Her sons also take part in the Black Rhinos basketball program, which provides them with an enjoyable sporting experience and opportunities for integration and positive social experiences.
Her boys are happy having something to do, and Mama Veronica is proud to see them off the streets.
Keeping busy as a family has brought them closer, and building a community that cares for each other, supports each other and provides each other with hope is exactly what the Ubuntu Empowering Mothers project aims to achieve.
“When they see me working, my family became so happy. They say ‘we were worried about you, but now we wake up and see you working and happy’ and that makes them happy too.”
The project is grounded in the African philosophy of Ubuntu, which emphasises the importance of connections and strong relationships between individuals, families and communities and is often described by the statement ‘I am because we are’.

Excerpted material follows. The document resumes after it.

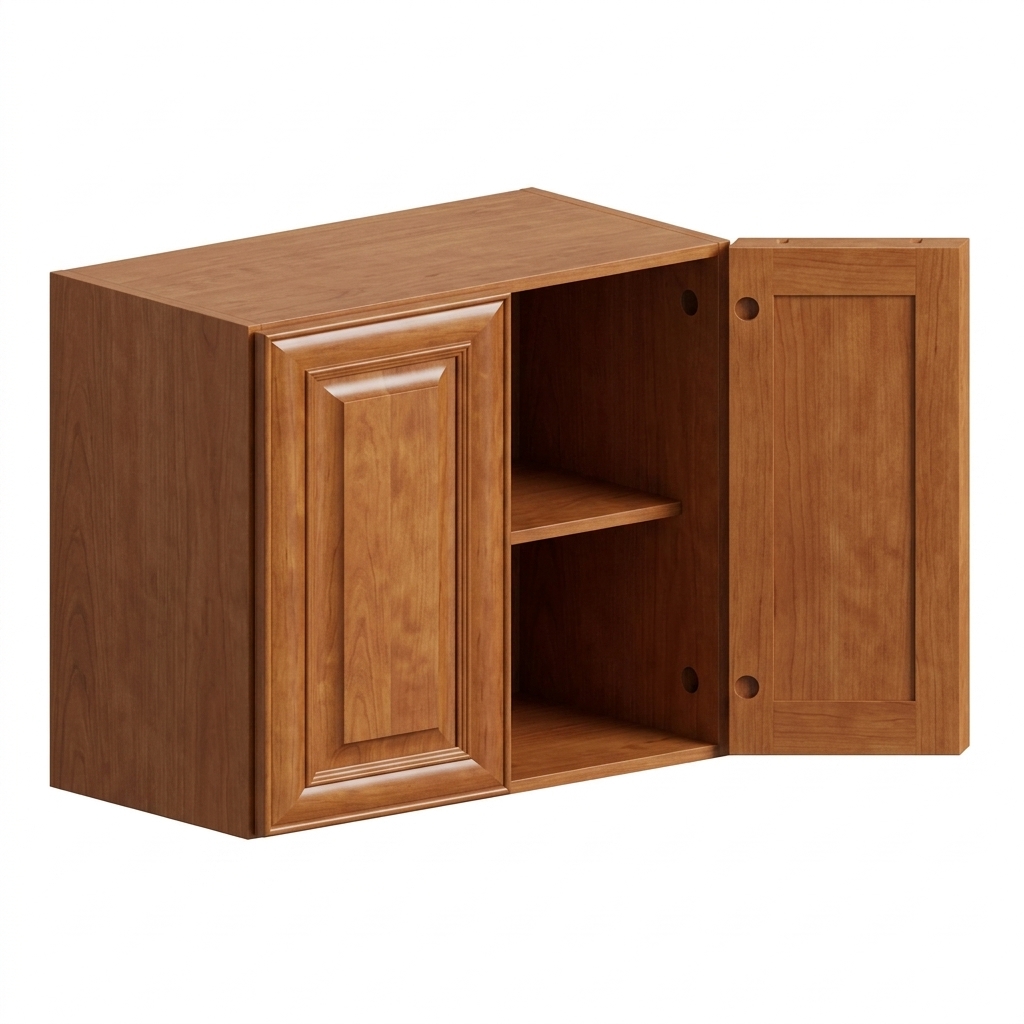 Wall Cabinet 9"W x 30"H - Coffee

The Ubuntu Empowering Mothers Project helps build the capacity of African-Australian mothers to use Ubuntu to strengthen family, community and societal relationships and to support young people to live fulfilling lives.
The project is also being delivered in Melbourne’s west by The Australian-African Foundation for Retention and Opportunity (AAFRO). Both Afri-Aus Care and AAFRO work in partnership with the University of Melbourne, who are evaluating the program’s impact.

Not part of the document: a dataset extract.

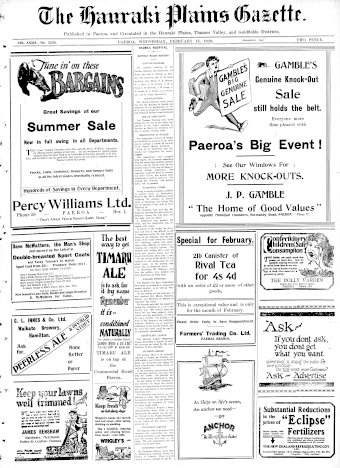 Issue page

The Empowering Mothers project received $516,000 in funding from the Victorian Government, with project partners also contributing $204,000.
Veronica continues to play an active role in welcoming and supporting other women to the project, providing each other with opportunities for work, volunteering and personal support.
For Veronica, community means you’re not alone.
“Community is about helping and encouraging one another and helping to give our kids a positive start in life.”